Which prompted me to have an epiphany recently.
Yeah. Kind of blew my mind.
When I complain, or joke more crassly than usual, or openly discuss problems we've had on our expat journey, it frustrates people. Folks who eat, sleep, and breathe the expat life. People who love the same places and experiences that our family has found unpleasant. People who find my displeasure of expat life annoying. People who presume my honesty reflects depression, mental illness, or instability--rather than what it actually is...which is just honesty, plain and simple? People who think my griping doesn't fix anything, so why can't I just shut up!?
Yeah. Me, too.
|Don't require me to come down off my unicorn to deal with reality! I am having FUN in my safe space!|
Side note: has anyone else noticed that we, as a society, have started to become overly sensitive to less-than-pleasant things. Because we're inundated with negativity from the news every day, and since we're tuned in to social media and news outlets 24 hours a day, we are just overwhelmed with unhappy stuff. Wars, nukes, racism, crappy presidents, crappy world leaders, deaths, ISIS, terrorism, shootings, etc etc etc....it's all over us, all the time.
I think that on social media folks really try to control what their friends and family want to talk about. Don't say that it's offensive; don't post that, it hurts my feelings; do what makes you feel good; dump whatever makes you feel bad; kick negative people to the curb; only do what brings you joy; only surround yourself with positivity, go to your safe space....blah blah blah...
Has it ever occurred to us that we are brought here to earth to experience both joy AND sadness? To experience pain AND pleasure? Why is everyone so adverse to reading/seeing/FEELING anything remotely negative? Why is someone else's negativity treated like lice? Why do we exterminate ourselves of that person's negativity, and then shampoo that unhappy BS off like it's dog feces?
Good grief, unhappiness is part of life. It doesn't necessarily mean someone is inherently sad or needs an intervention. It doesn't mean that they need to be talked out of their feelings, or that their feelings are somehow hurting you at all. They're just that: their feelings.
Just don't listen if you don't like it. Or don't read it if it's too negative for you. Click unfollow. Unfriend them. But don't try to police what other people say and share and feel. That's counterproductive to the purpose of our very existence here on earth. We as a human race have become addicted to trying to only focus on the positive. Plus, if we're all being honest here in Brooke's safe space, it makes you look like a jerk when you try to police what other people think or feel or say.
How can you know if something is all that negative if you only surround yourself with positive all the time?? You cannot feel joy without pain. Duh.
Yeah. That's deep. I went there. Anyway, back to my original point...
That woman I mentioned above? The one whose Spokane, Washington experience was obscenely negative? Yeah. She's amongst the few who haven't been offended by my complaining. Well, maybe she has, but she hasn't said anything to me. But surely she understands my plight more so than anyone else. She, too, had an extremely negative experience at a place far from home. She, too, found herself repairing her family and her children's hearts after leaving that place. She, too, liked to complain and whine about it publicly.

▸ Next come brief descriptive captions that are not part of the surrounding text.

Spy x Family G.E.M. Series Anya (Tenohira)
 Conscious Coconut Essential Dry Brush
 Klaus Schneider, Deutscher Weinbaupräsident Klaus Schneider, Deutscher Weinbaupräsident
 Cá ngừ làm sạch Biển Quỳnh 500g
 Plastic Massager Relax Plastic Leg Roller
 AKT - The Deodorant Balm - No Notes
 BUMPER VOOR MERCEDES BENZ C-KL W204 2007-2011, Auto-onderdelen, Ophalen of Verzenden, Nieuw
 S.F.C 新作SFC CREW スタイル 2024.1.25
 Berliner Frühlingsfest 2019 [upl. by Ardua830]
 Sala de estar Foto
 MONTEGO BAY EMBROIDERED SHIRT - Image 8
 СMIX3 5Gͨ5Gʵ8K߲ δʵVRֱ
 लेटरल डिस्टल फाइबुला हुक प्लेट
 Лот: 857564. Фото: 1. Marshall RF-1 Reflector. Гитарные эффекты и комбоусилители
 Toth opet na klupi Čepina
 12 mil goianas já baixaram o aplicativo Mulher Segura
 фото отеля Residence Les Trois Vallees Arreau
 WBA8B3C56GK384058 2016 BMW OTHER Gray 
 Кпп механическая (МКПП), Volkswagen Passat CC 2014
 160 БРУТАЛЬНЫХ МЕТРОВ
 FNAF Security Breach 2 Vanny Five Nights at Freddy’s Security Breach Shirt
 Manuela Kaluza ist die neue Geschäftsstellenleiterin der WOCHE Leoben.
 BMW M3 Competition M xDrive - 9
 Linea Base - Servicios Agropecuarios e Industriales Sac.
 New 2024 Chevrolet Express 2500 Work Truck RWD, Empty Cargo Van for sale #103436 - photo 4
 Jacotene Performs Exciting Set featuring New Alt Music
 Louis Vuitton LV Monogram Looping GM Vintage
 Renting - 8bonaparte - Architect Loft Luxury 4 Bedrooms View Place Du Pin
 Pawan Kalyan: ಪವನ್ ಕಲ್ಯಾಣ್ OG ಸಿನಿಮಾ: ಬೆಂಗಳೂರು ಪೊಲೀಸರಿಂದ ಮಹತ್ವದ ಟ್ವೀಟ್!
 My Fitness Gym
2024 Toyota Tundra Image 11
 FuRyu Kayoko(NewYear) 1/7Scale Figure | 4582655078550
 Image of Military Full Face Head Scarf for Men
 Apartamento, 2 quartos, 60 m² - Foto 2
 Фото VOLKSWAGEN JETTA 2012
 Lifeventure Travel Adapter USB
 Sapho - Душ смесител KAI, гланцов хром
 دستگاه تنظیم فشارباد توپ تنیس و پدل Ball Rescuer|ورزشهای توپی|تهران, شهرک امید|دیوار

Yet, I told her to shut up. To buck up. To get over it. To focus on the positive.
My, my, my...how the tables have turned.
You see, I think God knows that I can't learn lessons by just reading scriptures or listening to a sermon. He knows I need to be thrown into that refiners fire, to be molded and sculpted, even though I fight it and scream and complain the whole time. He knows I can't be a compassionate, understanding representative of His love if I've never experienced angst. He knew I couldn't be effectively compassionate to someone who is feeling out of place, displaced, lonely, or ostracized if I never experienced these things myself? How can I know what it feels like to be insulted, judged, and told to shut up for sharing my feelings publicly, unless just that had happened to me? How can I allow someone the freedom of speech, if I've never been persecuted for using that freedom myself?
Yeah. Total epiphany.
I messaged that woman and apologized. Told her that God had put me into the refiners fire to teach me compassion, and that I now knew what it felt like to have a deep NEED to share my angst through my words, and to have those words met with judgment, anger, and inaccurate labels. I told her how much it sucks to be told to shut up, and to be persecuted for your words, when the freedom to share those words is the one saving grace you have left. Again, she listened, then she accepted my apology.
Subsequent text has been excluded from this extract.